On 04/14, Linus Torvalds wrote:
>
> So I actually think that I would prefer the patch that invalidates the
> FPU caches more aggressively. Sure, we don't really *need* to
> invalidate if we're just reading, but I'd almost prefer to just have
> it done once in "init_fpu()".

Agreed. I'll send your patch back to you tomorrow.

> The only case where we care about the FPU caches remaining is actually
> the nice normal "we just switched tasks through normal scheduling".

Yes.
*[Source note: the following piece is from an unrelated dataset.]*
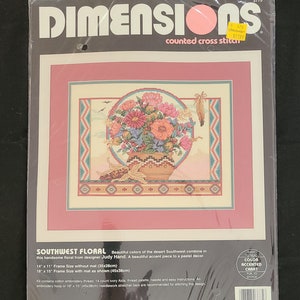 Può includere: Modello di punto croce contato Southwest Floral di Dimensions. Il disegno presenta una composizione floreale colorata in un cesto intrecciato con un bordo di design sud-occidentale. Il modello misura 14 pollici per 11 pollici e include un grafico con colori accentuati.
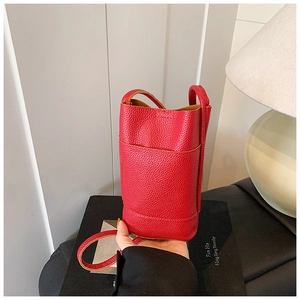 Dettaglio mini borsa a cilindro rossa in pelle a grana su libri di decorazione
And there is another case when fpu_lazy_restore() returns the
false positive.

Suppose that fpu_owner_task exits on CPU_0, and then fork() reuses
its task_struct. The new child is still fpu_owner_task and this is
obviously wrong (unless of course another thread uses fpu).

Initially I thought this should be fixed too, but it seems that
"p->fpu_counter = 0" in copy_thread() saves us.
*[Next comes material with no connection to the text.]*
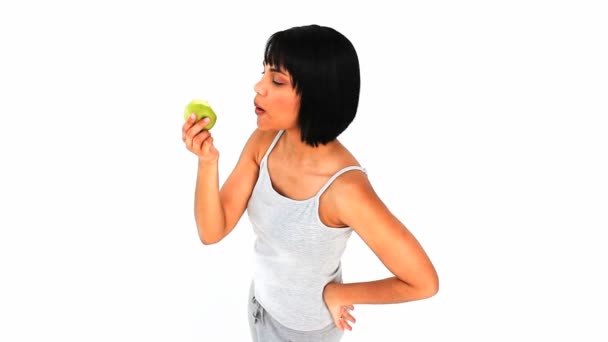 Casual asian woman enjoying an apple — Stock Video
This looks a bit fragile... And could you confirm this is really
fine?


Btw, do we really need this "old->thread.fpu.last_cpu = ~0" in
the "else" branch of switch_fpu_prepare()? Just curious, I guees
this doesn't matter since we reset old->fpu_counter. But if we
can remove this line, then perhaps we can another optimization.

Oleg.